Hume, Enquête sur l’entendement humain

Kant : la raison ne voit que ce qu’elle produit elle-même d’après son propre plan

Lorsque Galilée fit rouler ses sphères le long d’un plan incliné, avec une pesanteur qu’il avait lui-même choisie, ou que Torricelli fit porter à l’air un poids qu’il avait préalablement conçu comme égal à celui d’une colonne d’eau qu’il connaissait, ou que plus tard encore Stahl transforma des métaux en chaux et derechef celle-ci en métal, en leur ôtant quelque chose puis en le leur rendant, une lumière se fit dans l’esprit de tous les physiciens. Ils comprirent que la raison ne voit que ce qu’elle produit elle-même d’après son propre plan, qu’elle éprouve le besoin de prendre les devants avec les principes qui déterminent ses jugements d’après des lois constantes et de contraindre la nature à répondre à ses questions, mais qu’elle ne doit pas se laisser conduire seulement par elle, comme en lisière ; car sinon, les observations faites au hasard, sans aucun plan préalablement conçu, ne peuvent tenir ensemble dans une loi nécessaire, conformément à ce que cherche pourtant la raison et dont elle a besoin. La raison, tenant d’une main ses principes, qui seuls peuvent donner valeur de lois à des phénomènes concordants, et de l’autre l’expérimentation qu’elle a conçue d’après ceux-ci, doit s’approcher de la nature, certes pour être instruite par elle, mais non toutefois comme un élève, prêt à entendre tout ce que le maître veut, mais en la qualité d’un juge en exercice, qui contraint les témoins à répondre aux questions qu’il leur soumet. Et c’est ainsi que la physique elle-même ne doit la révolution si avantageuse de sa manière de penser qu’à la simple idée selon laquelle c’est conformément à ce que la raison met dans la nature qu’il faut aller chercher en celle-ci (et non pas imaginer en elle) ce qu’elle doit apprendre d’elle, et dont elle ne saurait rien trouver par elle-même. C’est seulement de cette manière que la physique a été amenée à suivre la voie sûre d’une science, après n’avoir été rien d’autre, durant de si nombreux siècles, qu’un simple tâtonnement.

Kant, Critique de la raison pure, Préface à la seconde édition

Bergson : nos instruments pour connaître le réel sont eux-mêmes artificiels, produits de la raison

On n’insistera jamais assez sur ce qu’il y a d’artificiel dans la forme mathématique d’une loi physique, et par conséquent dans notre connaissance scientifique des choses.

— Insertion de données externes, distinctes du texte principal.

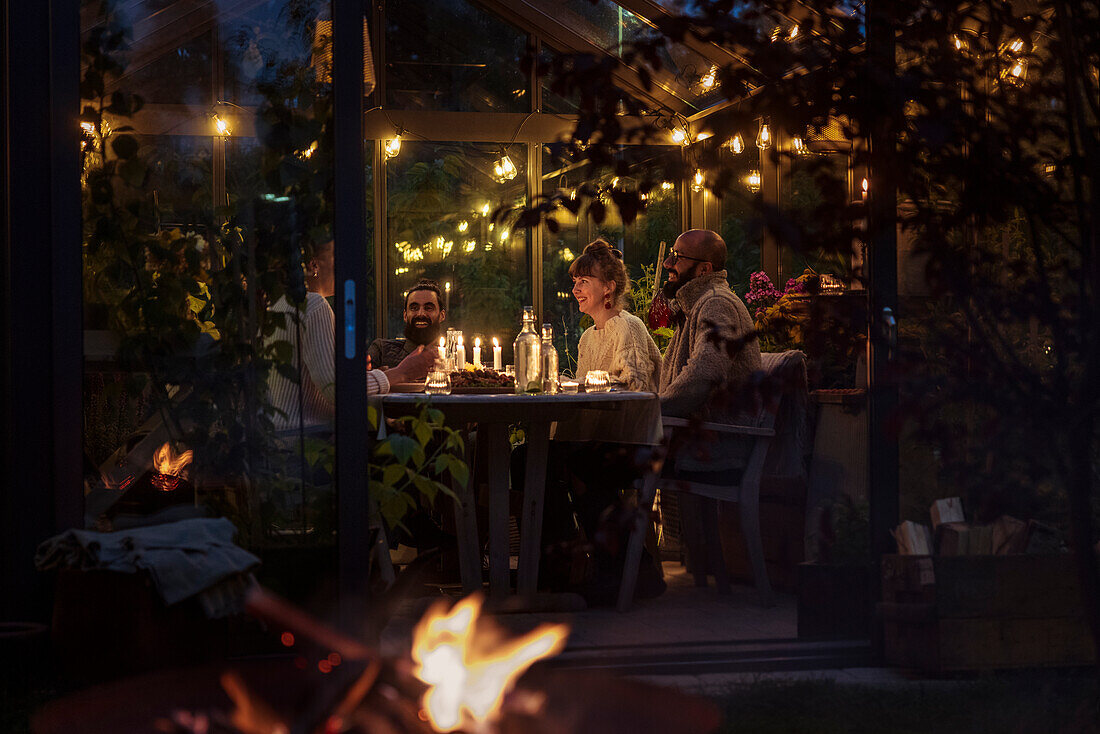 Friends having meal in greenhouse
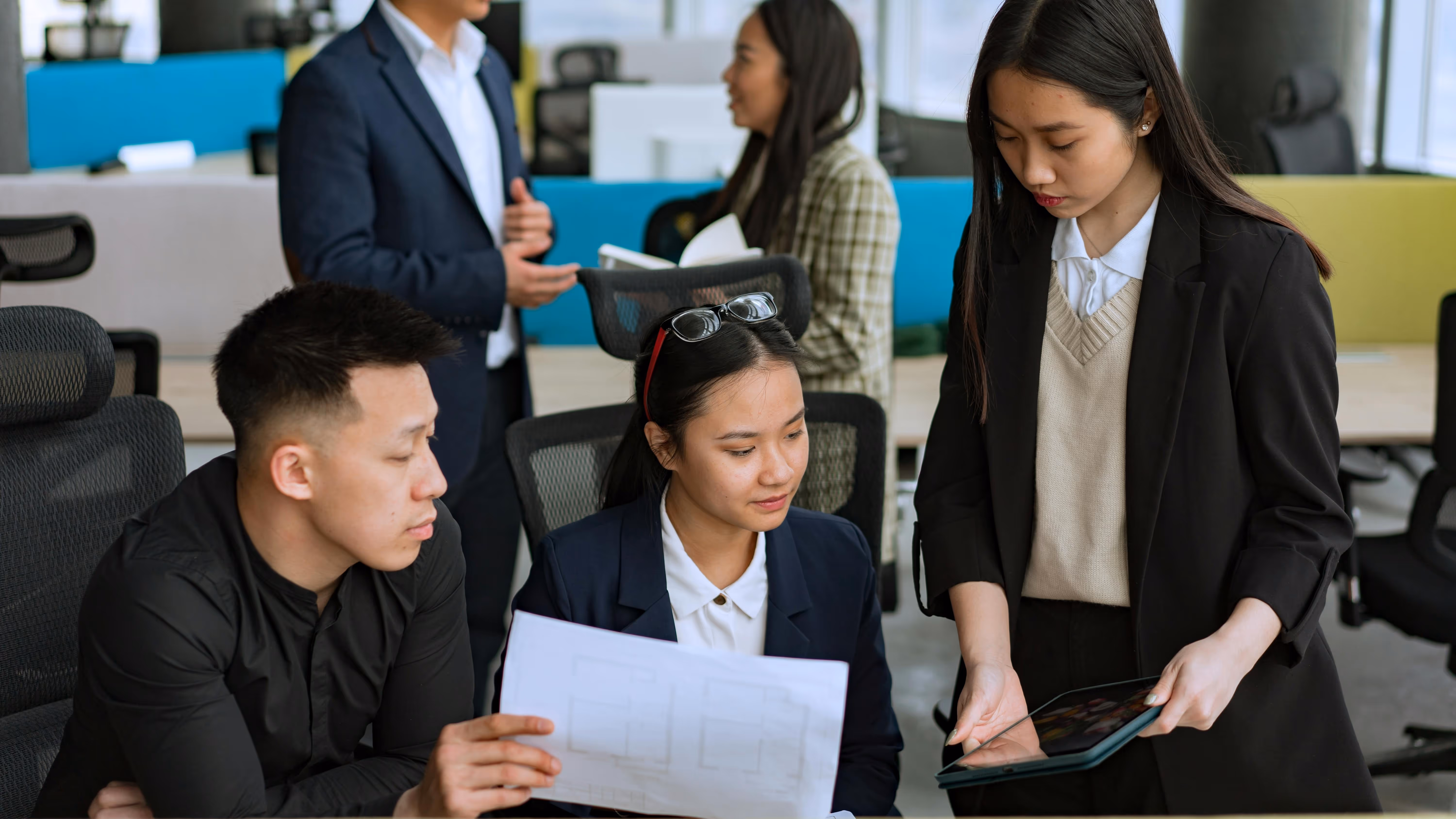 A group of diverse people collaborating at the workplace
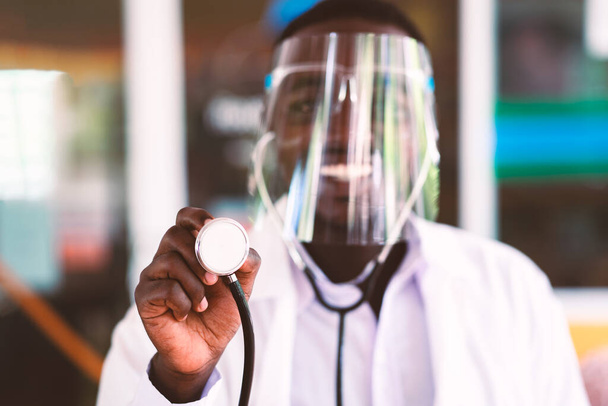 Afrikanischer Arzt trägt Gesichtsschutz und hält Stethoskop freundlich lächelnd in der Hand - Foto, Bild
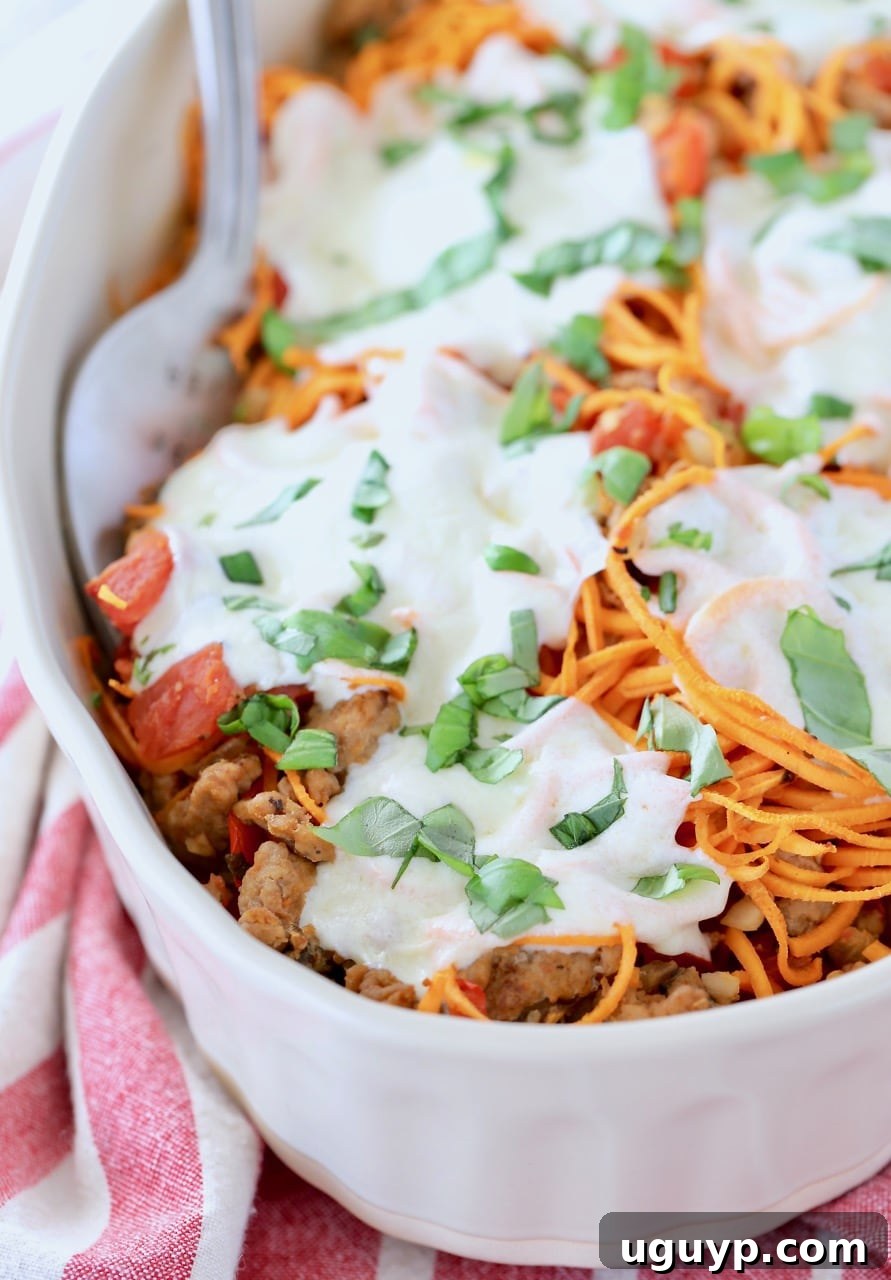 Italian turkey sweet potato casserole in oval baking dish with large serving fork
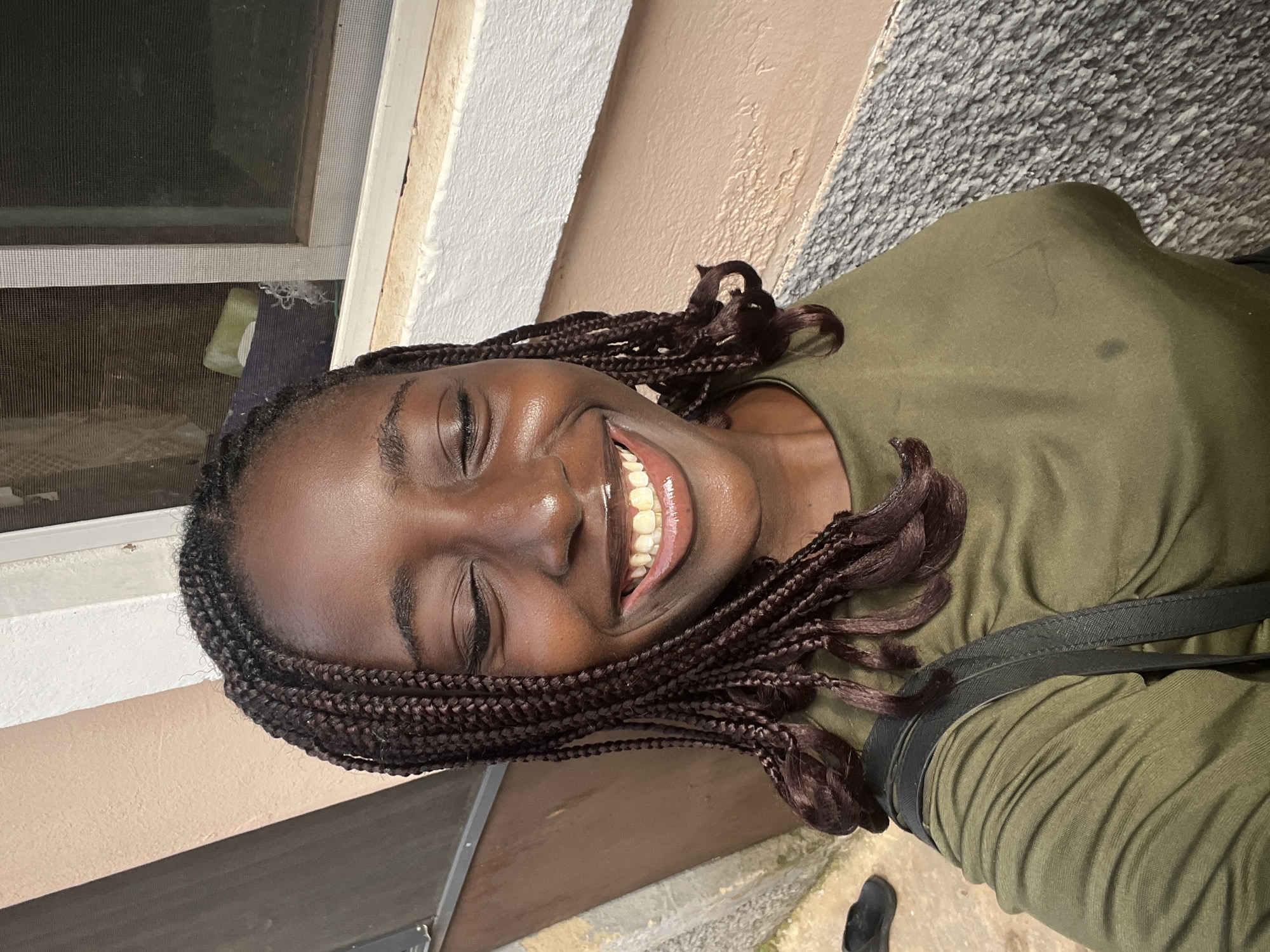 The image is a vertical, close-up portrait of a young Black woman captured outdoors in bright daylight. She is depicted from the chest up, with her head slightly tilted and a radiant, wide smile that causes her eyes to close, suggesting genuine laughter or joy. Her dark hair is styled in numerous small box braids, which frame her face and extend over her shoulders.
She is wearing a simple, olive green or khaki-colored short-sleeved top, with a black strap, likely from a shoulder bag, visible across her right shoulder. The bright natural light illuminates her face, highlighting her smile.
The background features various architectural elements. To the left, a window with a screen mesh is visible. Behind her, sections of an exterior building wall display different textures and colors: a light beige or off-white painted area, a peach-colored segment, and a prominent grey, textured surface, possibly pebble-dashed or rough concrete, on the upper right. A dark, horizontal ledge is visible beneath the window. Part of a black slipper or shoe can be seen in the bottom right corner of the frame.
The image conveys a strong sense of happiness and warmth, emphasized by the woman's joyful expression and the sunny conditions. The bright sunlight indicates a clear daytime setting. The background elements suggest a casual outdoor environment, consistent with a building exterior in Abuja, Nigeria, as provided by the location context. There is no visible text in the image.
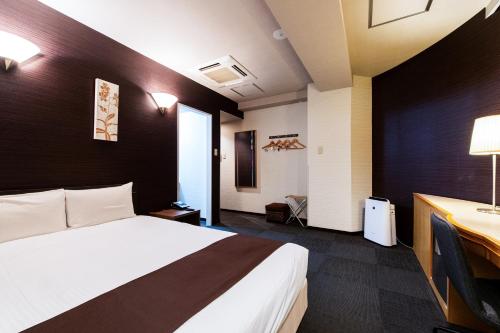 a hotel room with a bed and a desk at Urvest Hotel Kamata in Tokyo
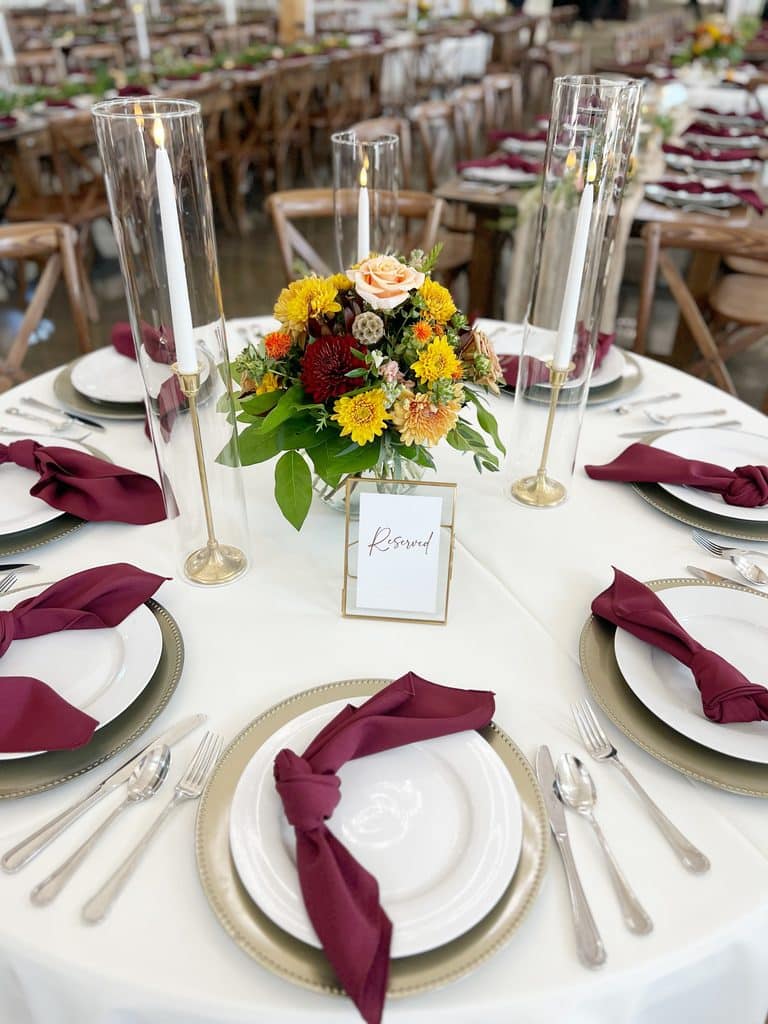 Elegant banquet table with candles, floral centerpiece, and burgundy napkins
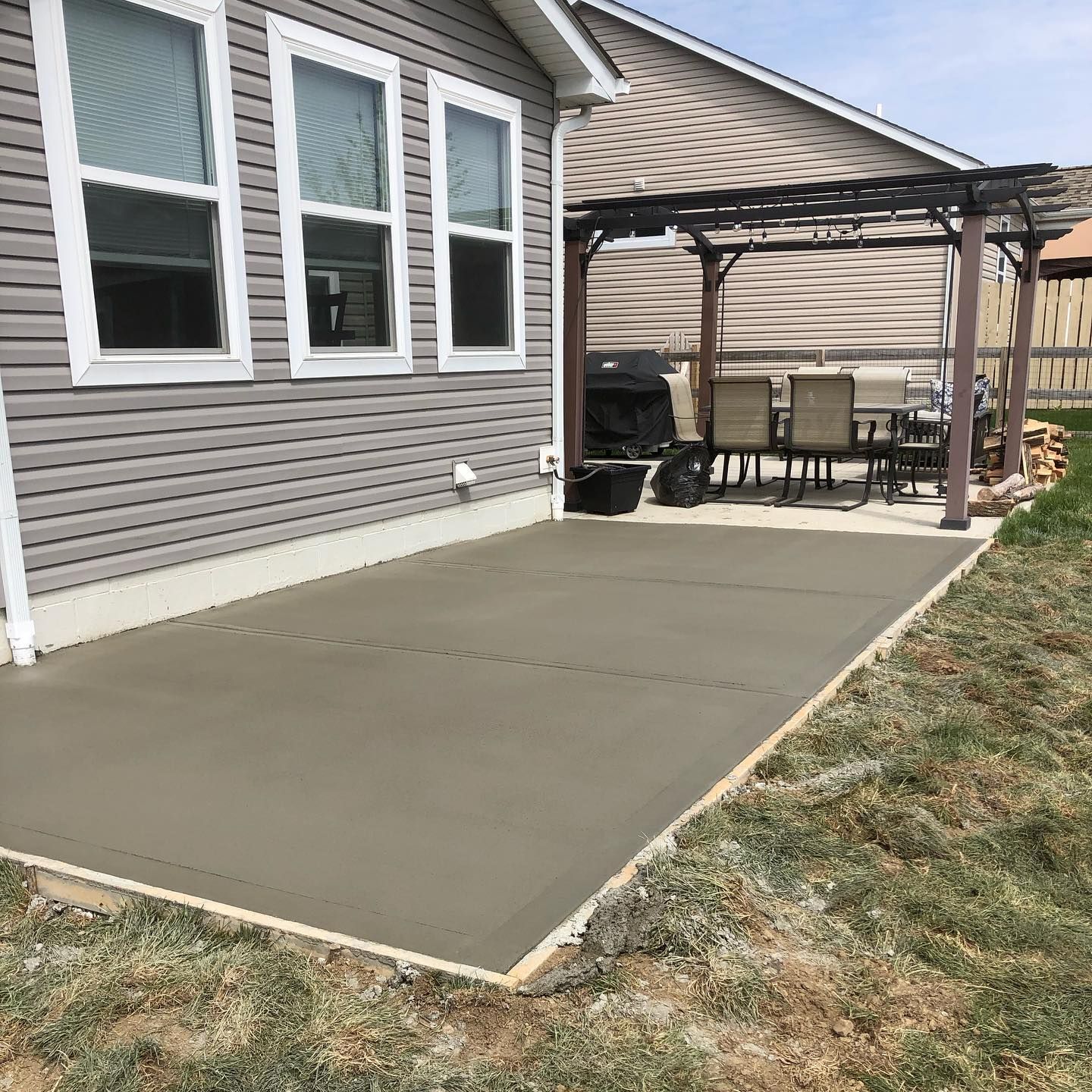 Man digging in an excavated area with a backhoe. Brown earth, orange machinery.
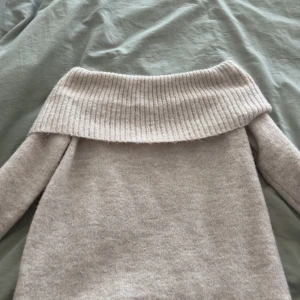 Beige offshoulder stickad tröja Gina Tricot - Supermysig beige stickad tröja från Gina Tricot med bred ribbad offshoulder-krage. Långärmad modell i mjukt material, perfekt för kyliga dagar. Snygg och enkel att styla med jeans eller kjol.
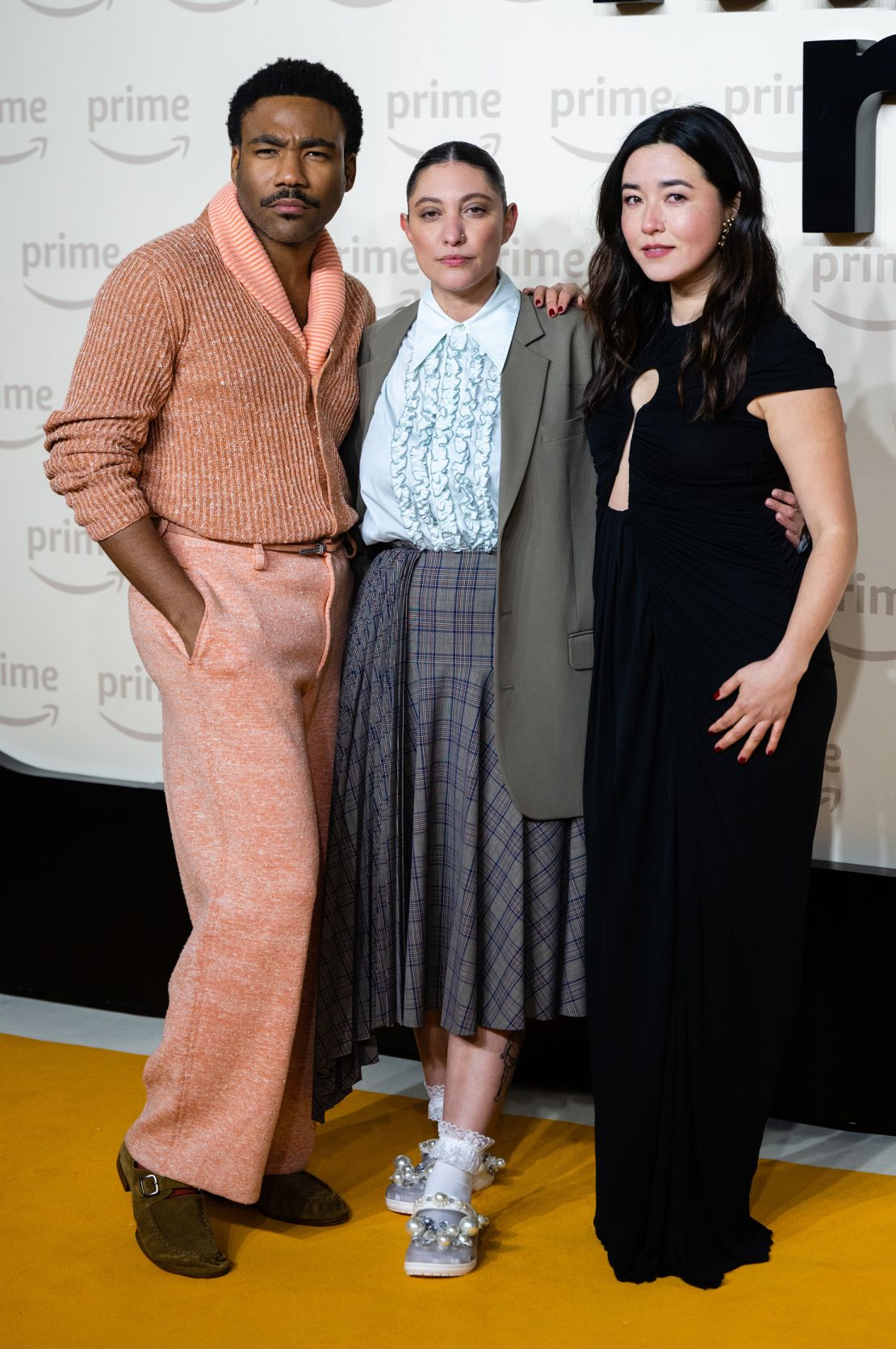 Writer Francesca Sloane (center) attends the UK premiere of "Mr & Mrs Smith" — along with its stars Donald Glover and Maya Erskine — on January 17, 2024 wearing a pair of pearl-embellished Crocs from fashion designer Simone Rocha, as part of a collaboration with the brand.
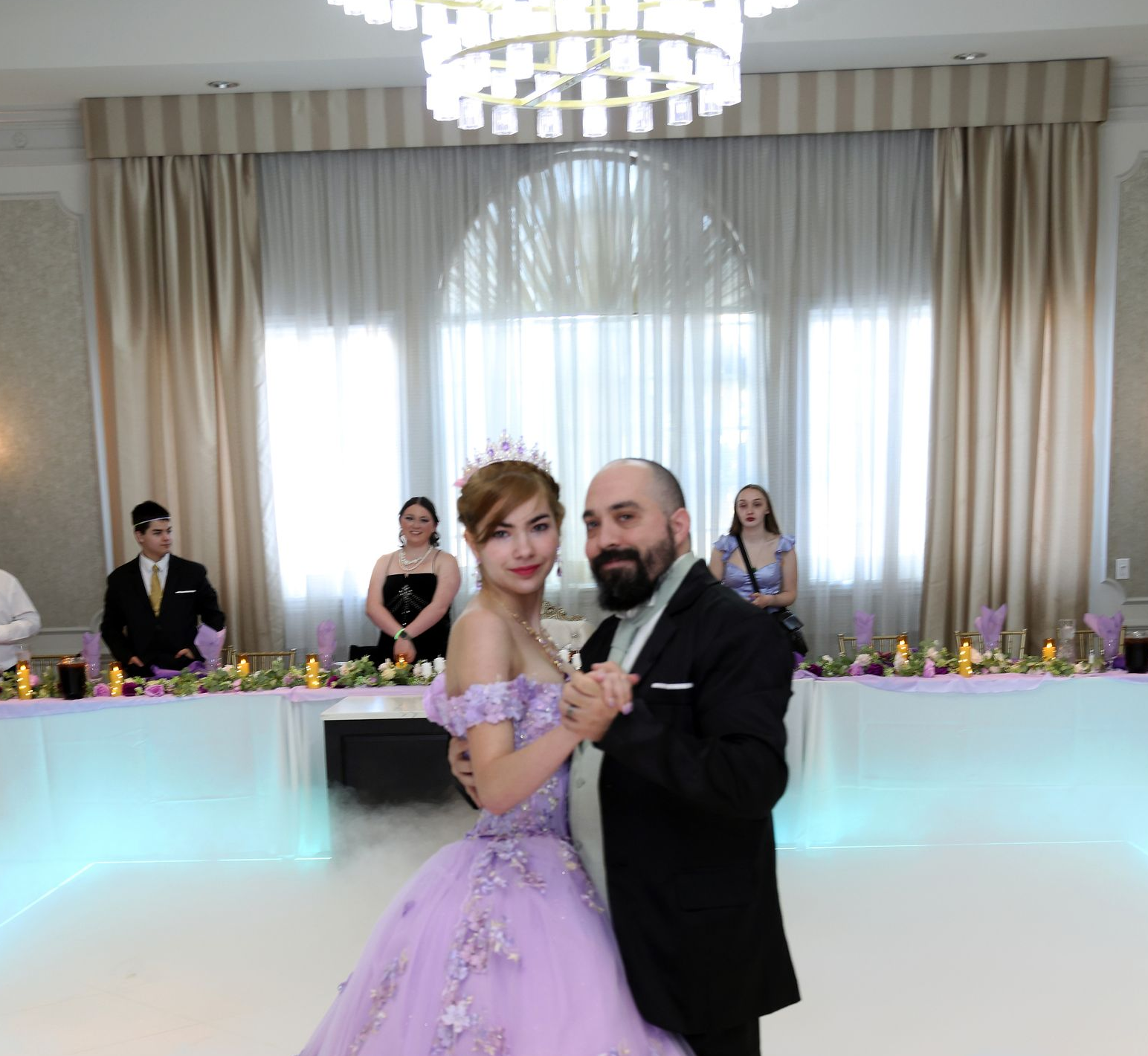 Sweet 16 girl in lavender ball gown, father-daughter dance.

Nos unités de mesure sont conventionnelles et, si l’on peut parler ainsi, étrangères aux intentions de la nature : comment supposer que celle-ci ait rapporté toutes les modalités de la chaleur aux dilatations d’une même masse de mercure ou aux changements de pression d’une même masse d’air maintenue à un volume constant ? Mais ce n’est pas assez dire. D’une manière générale, mesurer est une opération tout humaine, qui implique qu’on superpose réellement ou idéalement deux objets l’un à l’autre un certain nombre de fois. La nature n’a pas songé à cette superposition. Elle ne mesure pas, elle ne compte pas davantage. Pourtant la physique compte, mesure, rapporte les unes aux autres des variations « quantitatives » pour obtenir des lois et elle réussit.
BERGSON, Evolution créatrice.

=> Problème : Il semble qu’on ne peut jamais atteindre le réel lui-même, que la raison ne trouve que ce qu’elle cherche dans les choses du monde. Pourtant, la science n’est pas hors-sol, elle entend bien parler de la réalité. Quel est alors son rapport à la réalité si ce n’est pas celui d’une simple correspondance ?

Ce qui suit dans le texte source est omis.